The flip side is that let’s say that wages don’t keep up with inflation—we don’t see any up tick in wages. The way consumption has been sustained is people have been borrowing against their homes and I think that’s coming to an end simply because even if the bubble doesn’t burst it’s very clear from the data that we have that house prices are not rising at the rates they used to. So as long as house prices were going up 10% a year people could always borrow more against their home. Once they stop rising they reach limits as to how much they can borrow.

So I think we are hitting an end. How long that takes, there’s a lot of uncertain factors. If Japan and China stop supporting the dollar—they’ve been buying up the long bond, basically counteracting Greenspan, who has been trying to raise rates—so if they stop doing that, you can see the rates rise fairly quickly. And if that happens I think the recovery will come to an end fairly quickly.

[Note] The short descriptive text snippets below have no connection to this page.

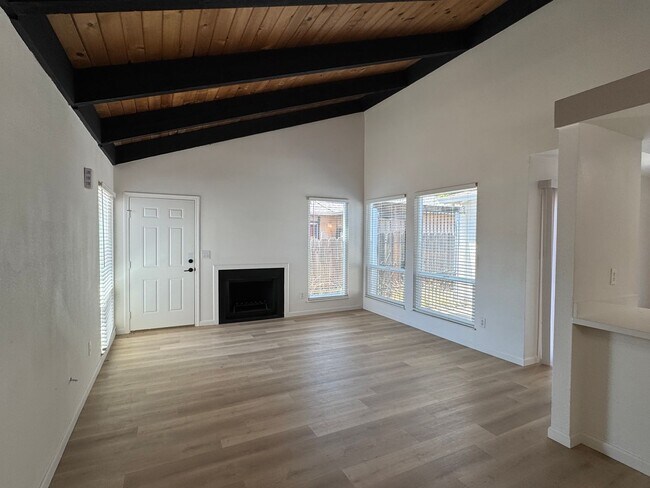 Foto del edificio - Completely Remodeled Three Bed, Two Bath D...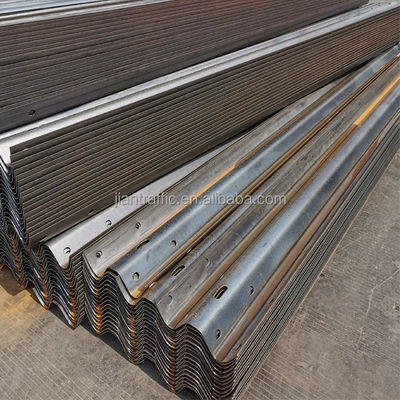 Barrera recta Carretera galvanizada Aashto M180 W viga corrugada barrera de seguridad de tráfico Barrera metálica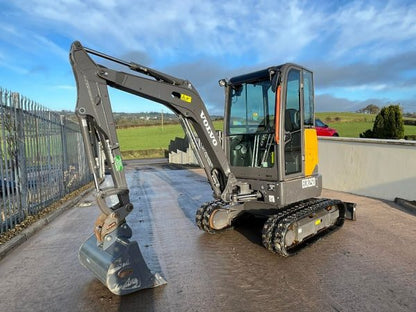 Miniexcavadora compacta Volvo ECR25D de 2,5 t usada, año 2022, casi nueva, 196 h con cuchara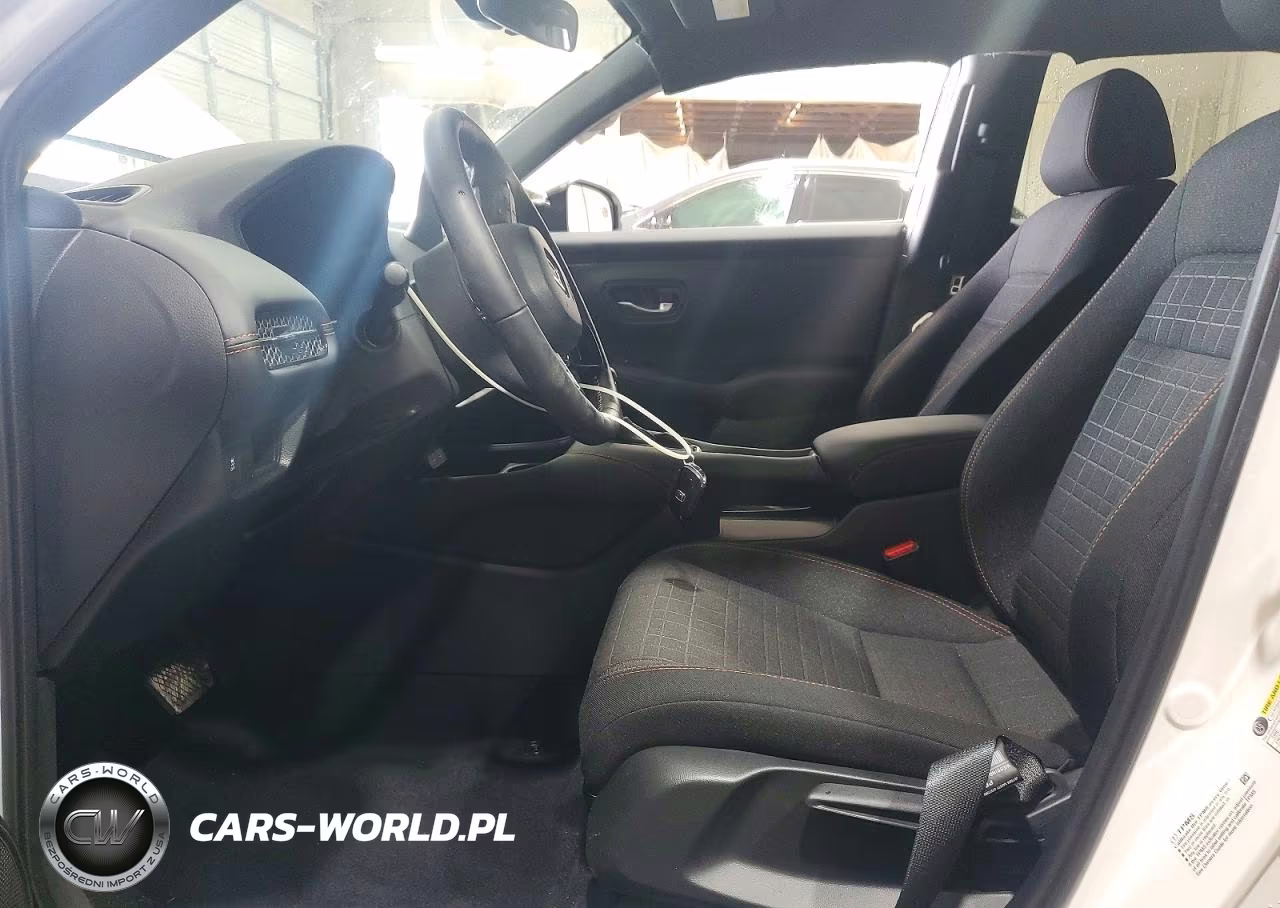 2026 Honda Hr-V Sport VIN:3CZRZ1H51TM720258 - 7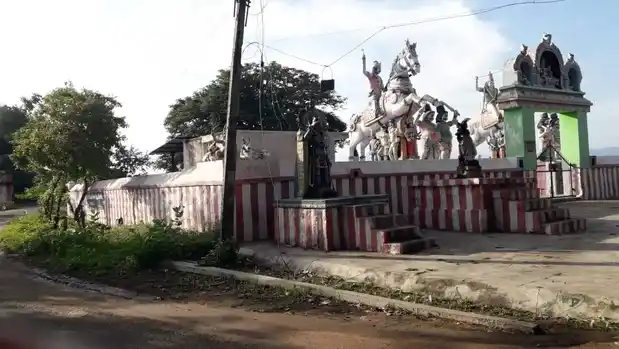 Arulmigu Ayyanar Temple, Usilampatti - 625014 அய்யனார் கோயில், Usilampatti - 625014, Madurai - Ancient Temple Architecture and History Image 2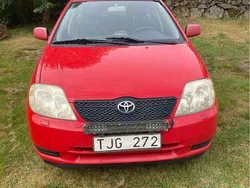 Röd Begagnad 2002 Toyota Corolla Kombi | 18 000 kr (Marknadspris)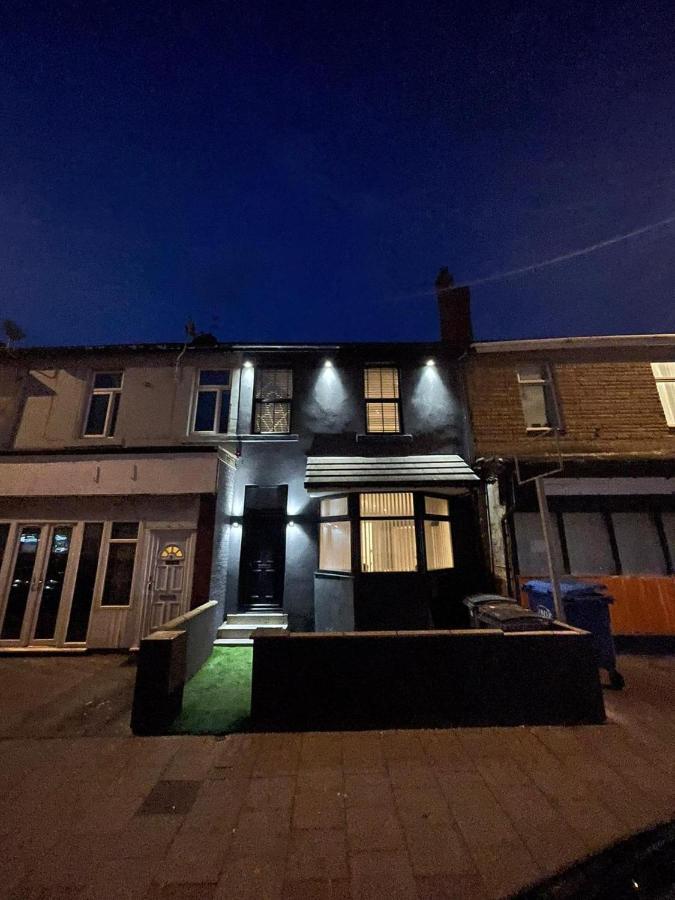 Lovely 2-Bed Apartment In Blackpool Secret House Exteriör bild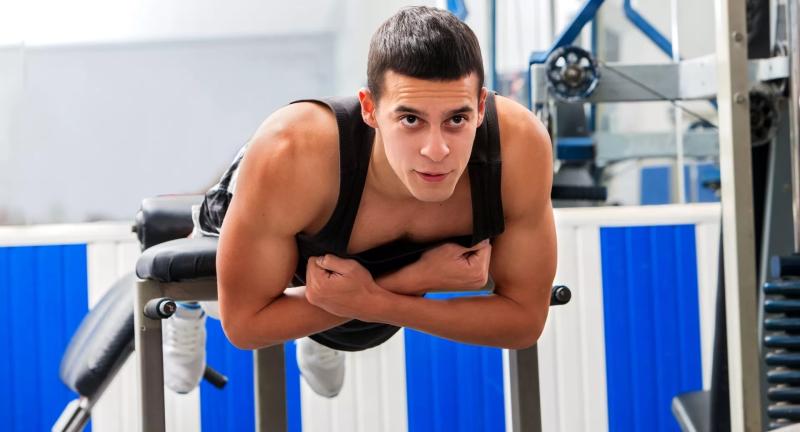 7 вариантов гиперэкстензий для укрепления спины и выравнивания осанки (видео)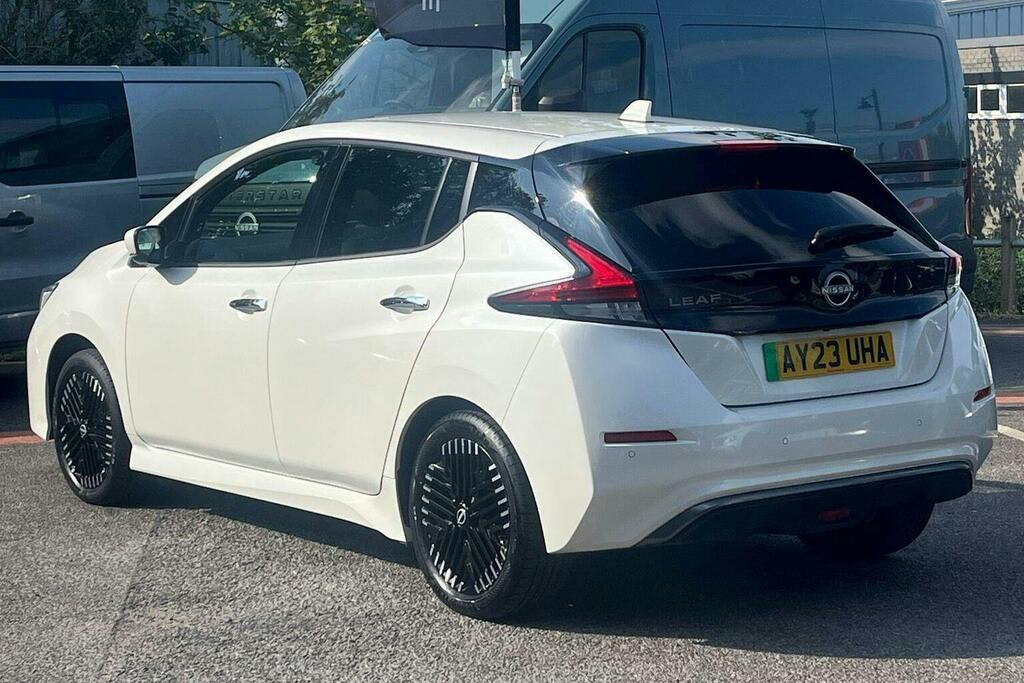 Nissan Leaf 39Kwh Tekna Hatchback AY23UHA White #5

But we have a number of unsustainable trends going. One being the housing bubble, the other being the trade deficit. Those being the two biggies and where we hit the point where they can go no further is hard to say. Just as if we were having a conversation in 1999 and talking about the economy—it looked good, all sorts of really good growth—but the point was that it was dependent on the stock bubble [and] it was going to run out at some point. But it turned out that if we were having the conversation in 1999, it had a full year to go. It didn’t start to unravel until March of 2000 and it didn’t have that much of an impact on the economy for another year after that.

So the exact timing is going to be very hard to tell due to events that are to a large extent random. But my guess is that it won’t be too much longer but again I would’ve probably said the same thing 2 years ago.It’s going to depend on the housing market basically, that’s the long and short of it. If the housing bubble bursts then that’s virtually guaranteed to be a full recession and probably worse than a stock bubble.